MV−22オスプレイが12月に入ってまたクラスAの事故を起こした。上掲の棒グラフは10万飛行時間当たりのMV−22オスプレイの事故率が、飛行時間が積み上がると増えていくことを示している。

普天間配備前のレビュー、防衛省の「MV−22オスプレイの事故率について」など入手可能な資料から抜き出した事故率をもとに、飛行時間を横軸にとった事故率の棒グラフだ。 初めの事故の時の飛行時間は3万時間と仮置きした。経過月数に比例して増やした飛行時間データや、誤差を見込んで飛行時間を比例計算で得た値よりより1割ほど多くとったものもある。(事故率はその分小さく出ている可能性もある)
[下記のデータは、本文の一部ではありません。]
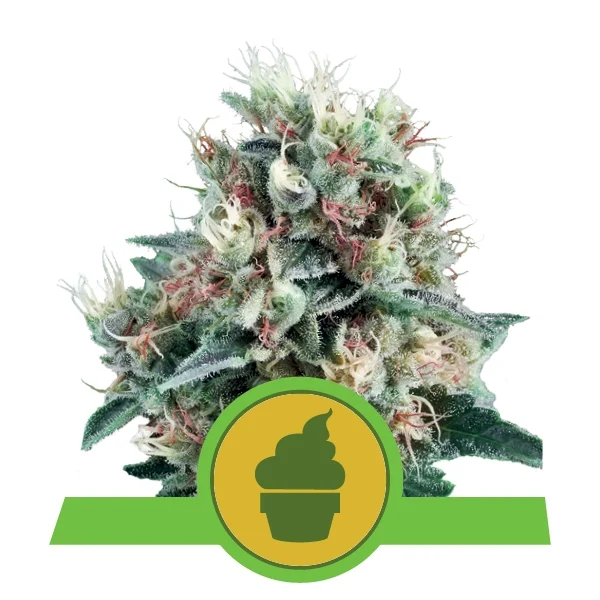 ROYAL CREAMATIC AUTOMATIC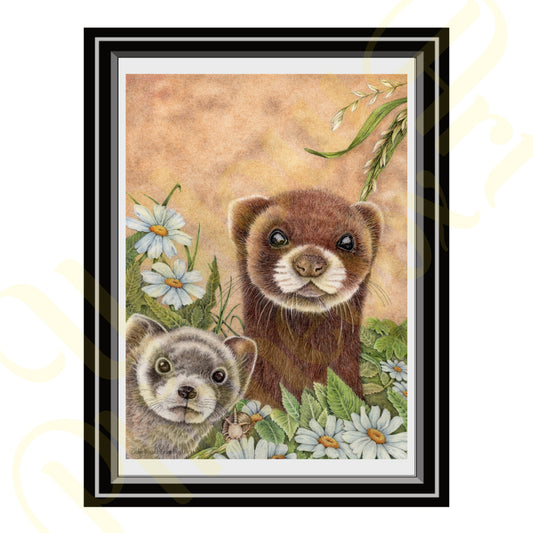 ‘Furry Ferrets’ - Print From Original Artwork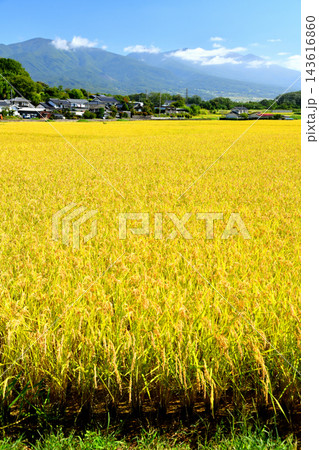 長野県東御市八重原より浅間山方面を望む(長野県東御市)【2026.9】 長野県東御市八重原より浅間山方面を望む(長野県東御市)【2026.9】 143616860
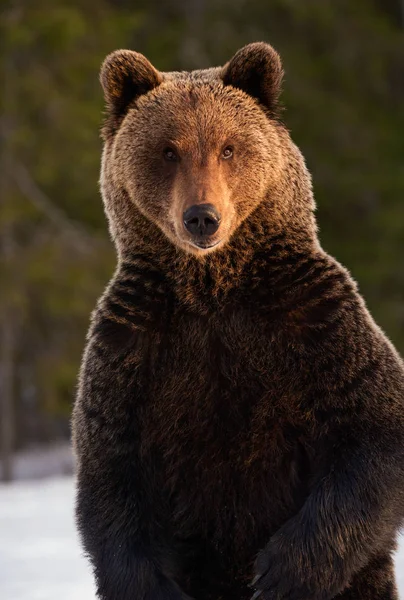 日落时在冬天的森林里拍下了棕熊的近照 前面的景色 棕熊用后腿站立 Ursus Arctos 自然栖息地 日落之光 — 图库照片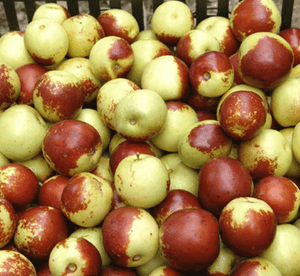 jujube seeds for sale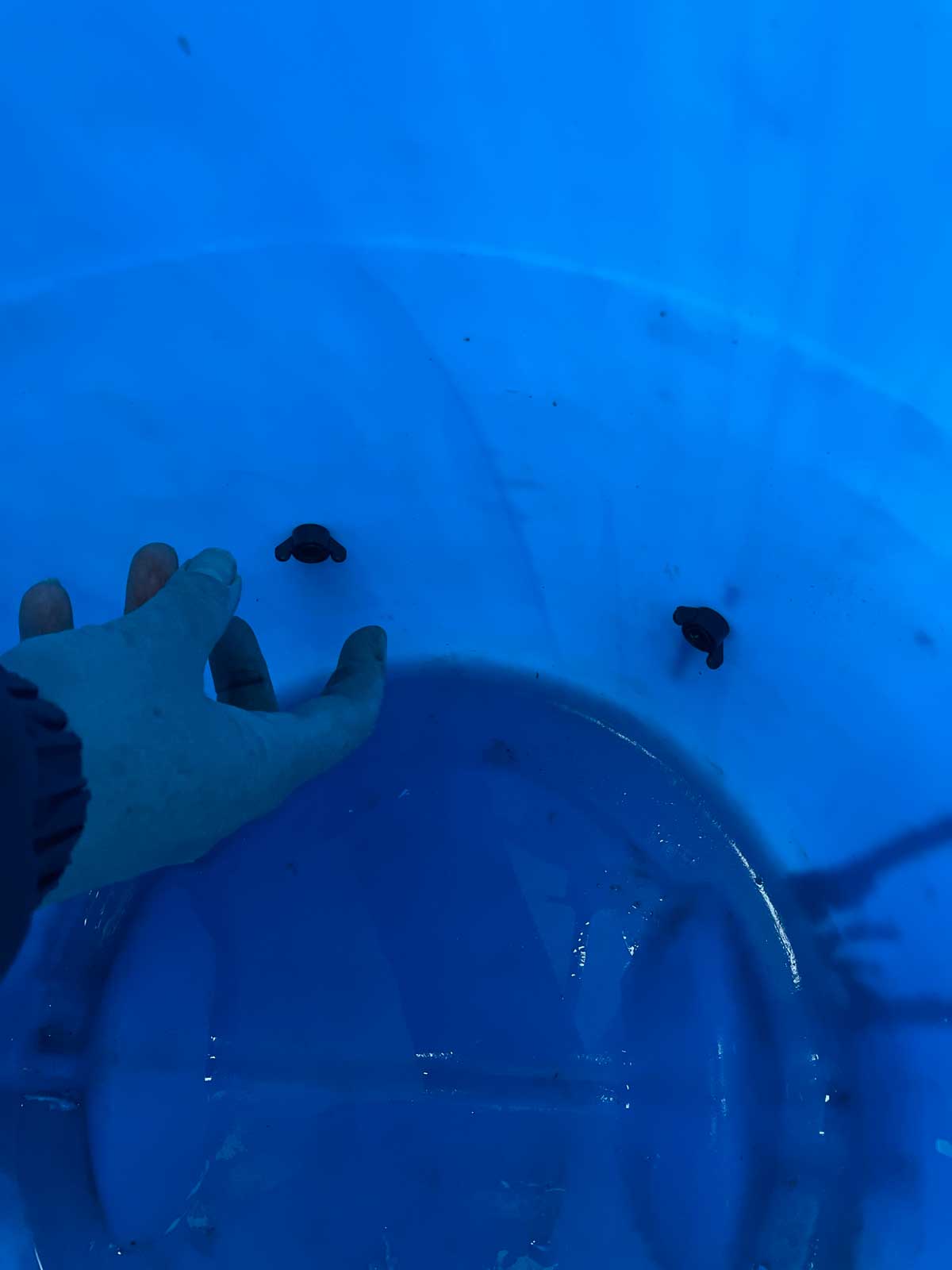 Drinker cups - make your own chicken drinkers (pack of 5)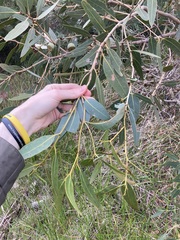 Eucalyptus todtiana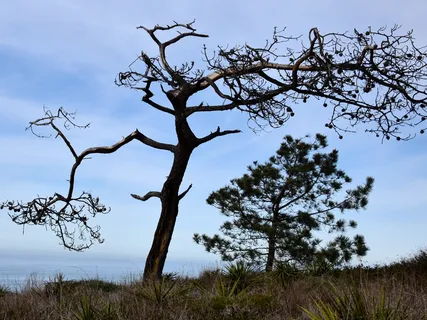 Opportunity For A New Humanity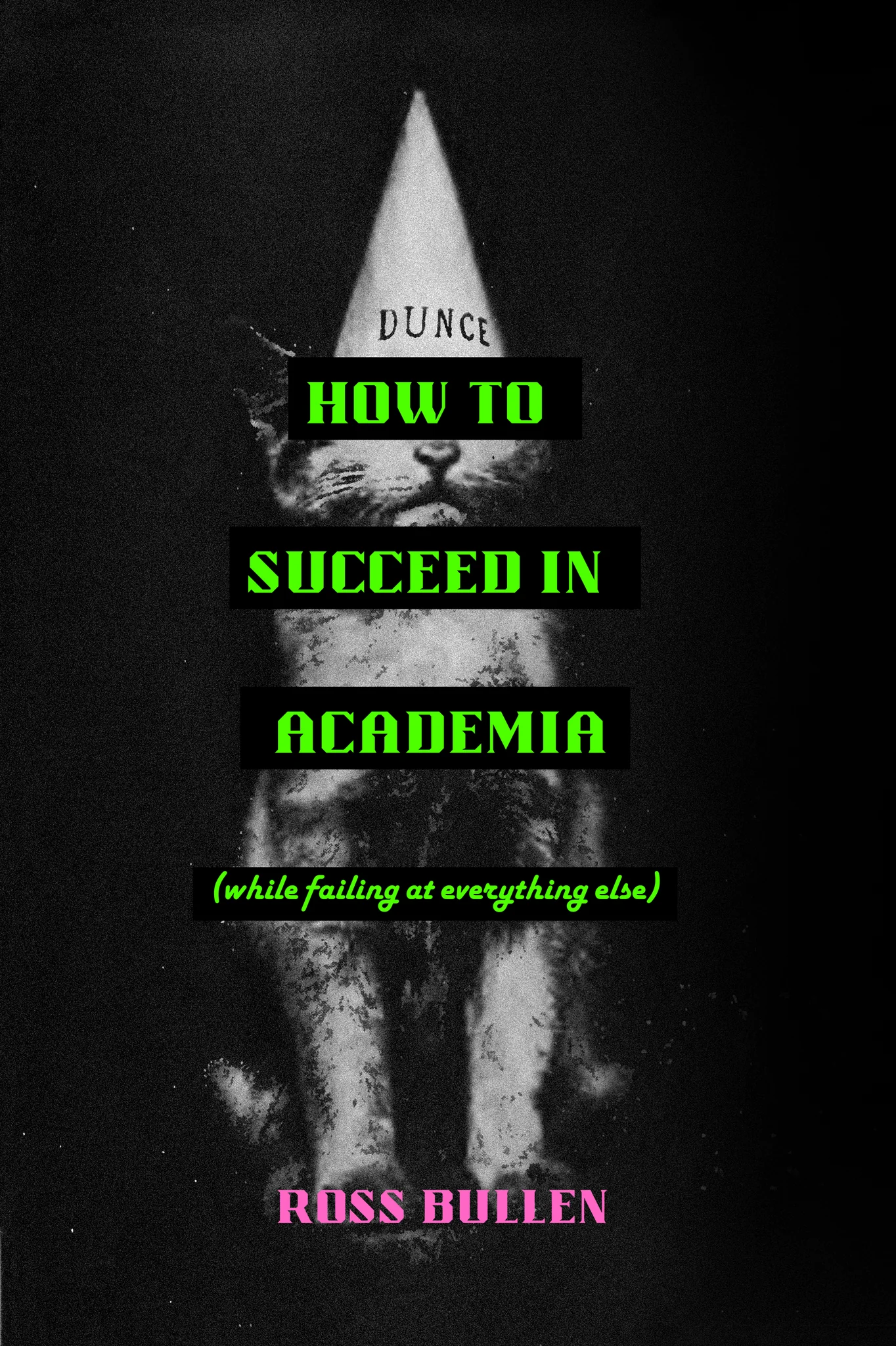 How to Succeed in Academia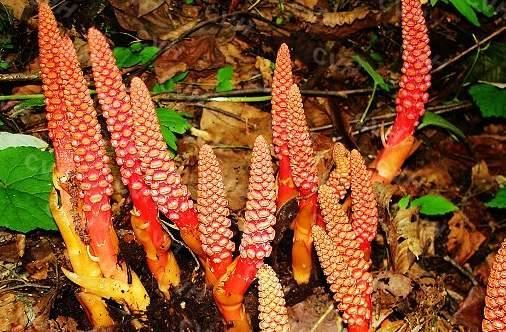 在农村看到千万别踩，菌类现在非常珍贵，尤其是野生的！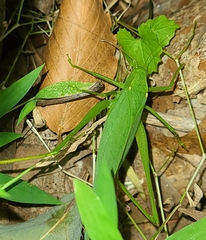 Amblycorypha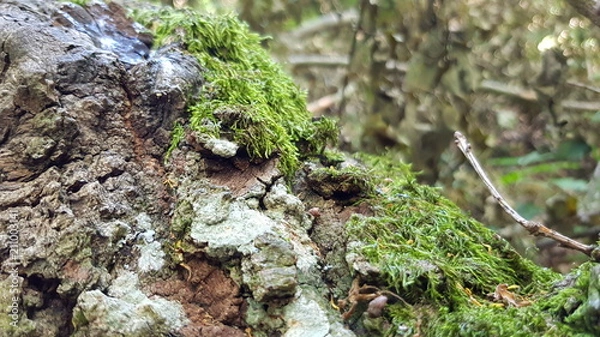 Obraz Baumrinde mit Moos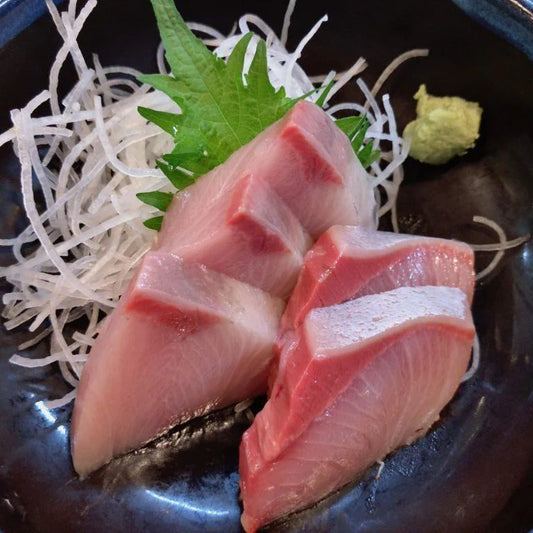 日本 Hamachi 油金魚背肉刺身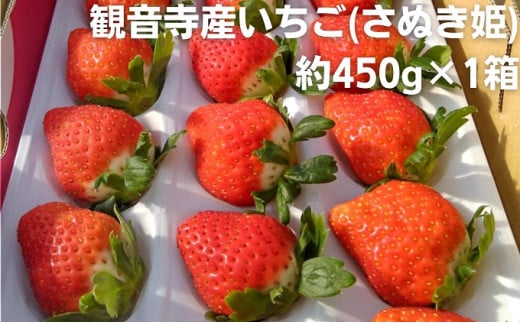 数量限定　観音寺産いちご(さぬき姫)約450g×1箱 讃岐の美味しい苺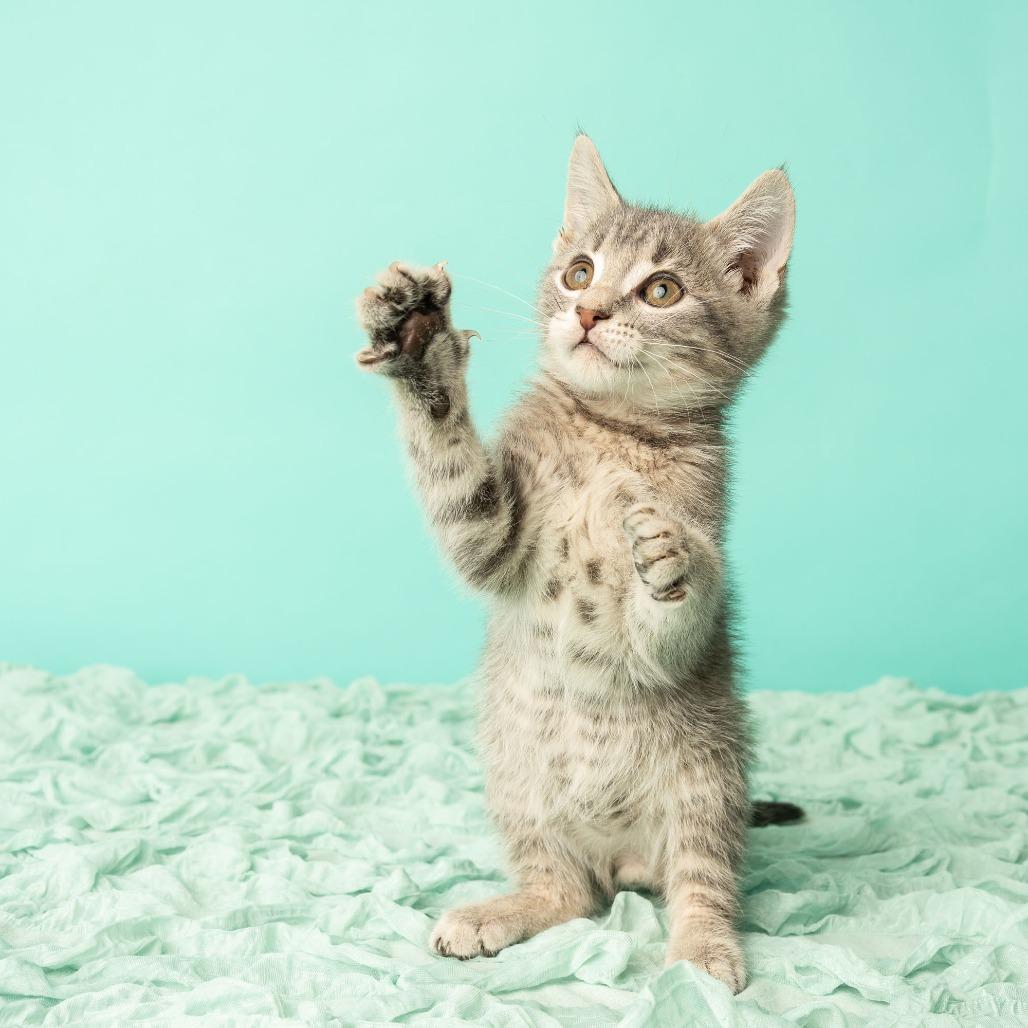 Enlarge Tiny Dancer, a Adoptable Domestic Short Hair in St. Paul, MN image 6/6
普天間基地にオスプレイが配備される前に、防衛省は「MV−22オスプレイの事故率について」という文書を出した。その中で「海兵隊は、事故率を航空機の機体の安全記録を代表する指標として重視」と述べている。代表的な指標が上がり続けていることを海兵隊は、そしてその見方を引用した防衛省はどう考えているのだろうか?

同じ文書の「現在の事故率」のページでは、MV−22の事故率は1.93であり、海兵隊の平均(2.45)を上回る安全記録だ、と主張している。海兵隊内部での事故率の比較が、MV−22の安全性の証明にはなり得ないのは明らかだが、12月の着艦失敗事故で、MV−22の事故率は2.5に近づいている。オスプレイの安全の根拠として無理に掲げた、海兵隊全体の事故率の平均値より低いから安全だ、という屁理屈さえも通らない状況になっている。

普天間のオスプレイの整備拠点を陸自木更津駐屯地に置こうと画策する防衛省は、11月5日の木更津市側への説明で、オスプレイの墜落や死亡事故などの重大な事故の発生率が飛行10万時間あたり2.12件であるとした。この事故率には、半年前の5月にハワイで起きた死亡事故が含まれていない。防衛省はあえて低い数字で説明した、ととられても仕方がないやり方だ。
今後、木更津市だけではなく、自衛隊のオスプレイの配備を国が考えている佐賀県・市や、CV−22オスプレイの新規配備を押し付けようとする横田基地周辺自治体にも防衛省は説明を繰り返すだろう。その時に、防衛省の挙げるオスプレイの事故率には最新の事故が反映されているのか、そして何よりも時間の経過とともに事故率が増え続けることの危険性の認識をただすことが必要だ。

飛行時間が積み重なれば事故率は落ちていく、というのが「MV−22オスプレイの事故率について」文書の中で米空軍がCV−22の高い事故率について言っていることだ。逆に事故率が時間の経緯とともに上がっていくような航空機があるのだろうか。そのことだけでも、オスプレイの危険性は明らかになってくる。

そんなオスプレイは、今沖縄で県民の頭上を飛び回っている。